Input START

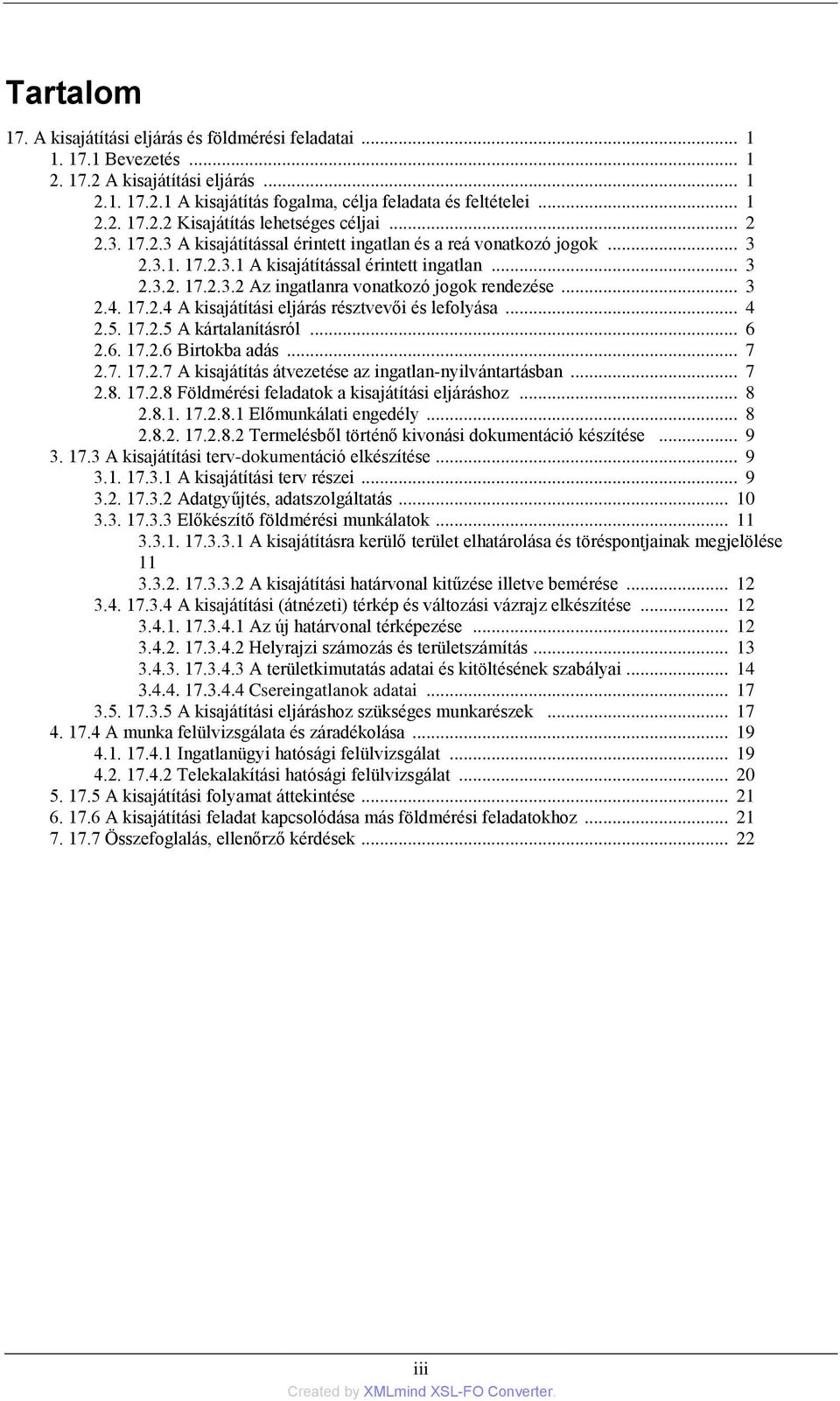 17.2.4 A kisajátítási eljárás résztvevői és lefolyása... 4 2.5. 17.2.5 A kártalanításról... 6 2.6. 17.2.6 Birtokba adás... 7 2.7. 17.2.7 A kisajátítás átvezetése az ingatlan-nyilvántartásban... 7 2.8.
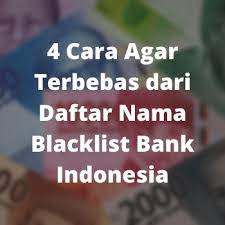 If you answered yes to at least one question that means our blacklist checker is for you! 25 Check Nama Blacklist Bank Info Dana Tunai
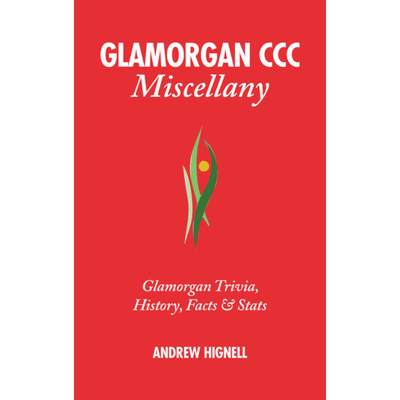 【4周达】Glamorgan CCC Miscellany: Glamorgan Trivia, History, Facts & STATS [9781908051806]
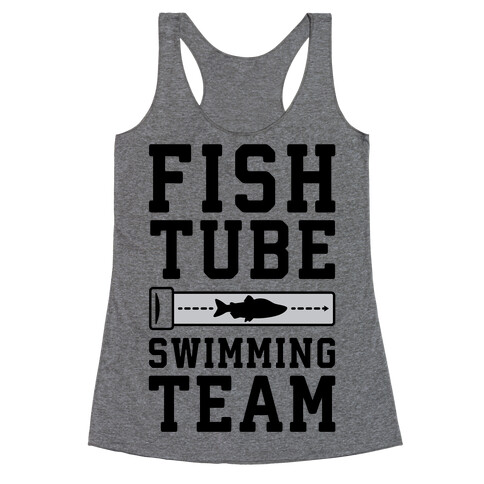 Fish Tube Swimming Team Racerback Tank Top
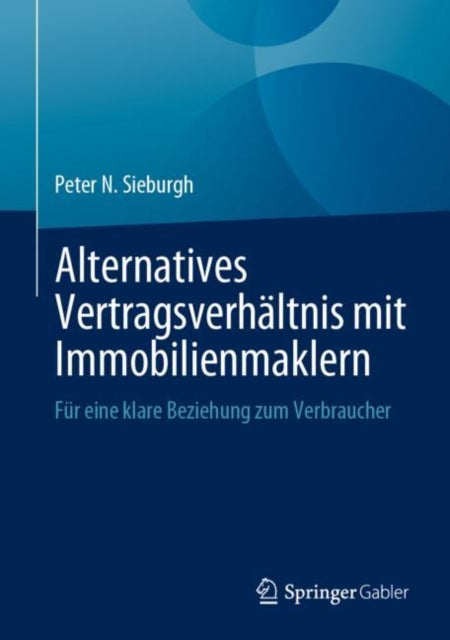 Alternatives Vertragsverhältnis mit Immobilienmaklern: Für eine klare Beziehung zum Verbraucher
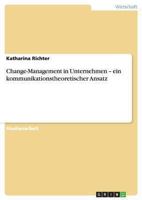 Change-Management in Unternehmen - ein kommunikationstheoretischer Ansatz 3640462629 Book Cover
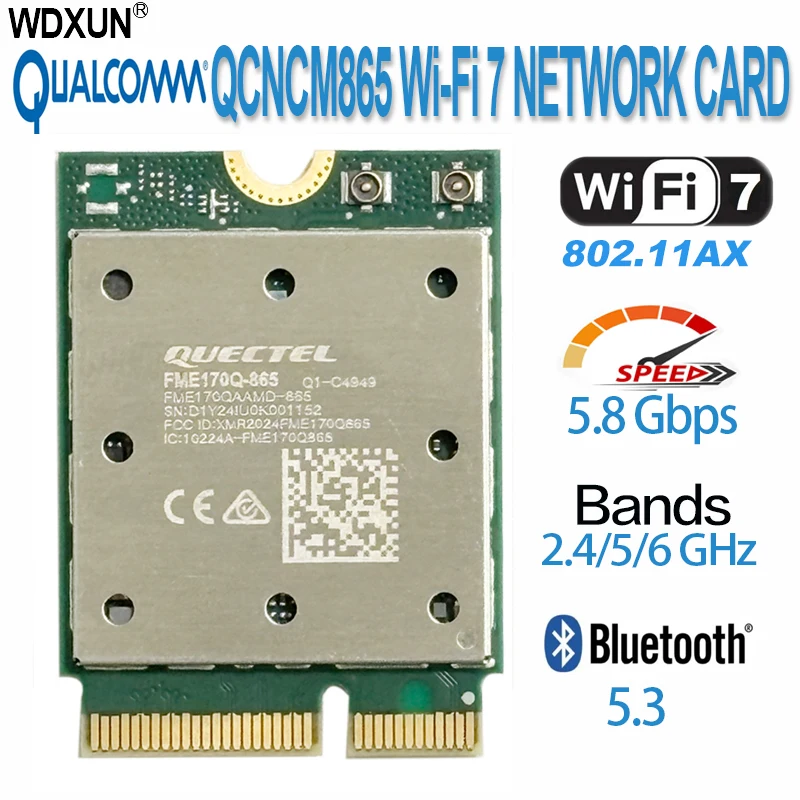 WiFi 7 QCNCM865 WI-FI 7 BT Combo module Bluetooth 5.3 Up to 5.8 Gbps with 4K QAM,Wi-Fi 7, Wi-Fi 6E, Wi-Fi 6 802.11ax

Input END

Problem statement –
Print each of the records above exactly as written, leaving no picture in the copy.

Response –
 17.2.4 A kisajátítási eljárás résztvevői és lefolyása... 4 2.5. 17.2.5 A kártalanításról... 6 2.6. 17.2.6 Birtokba adás... 7 2.7. 17.2.7 A kisajátítás átvezetése az ingatlan-nyilvántartásban... 7 2.8.
 If you answered yes to at least one question that means our blacklist checker is for you! 25 Check Nama Blacklist Bank Info Dana Tunai
 【4周达】Glamorgan CCC Miscellany: Glamorgan Trivia, History, Facts & STATS [9781908051806]
 Fish Tube Swimming Team Racerback Tank Top
 Alternatives Vertragsverhältnis mit Immobilienmaklern: Für eine klare Beziehung zum Verbraucher
 Change-Management in Unternehmen - ein kommunikationstheoretischer Ansatz 3640462629 Book Cover
 WiFi 7 QCNCM865 WI-FI 7 BT Combo module Bluetooth 5.3 Up to 5.8 Gbps with 4K QAM,Wi-Fi 7, Wi-Fi 6E, Wi-Fi 6 802.11ax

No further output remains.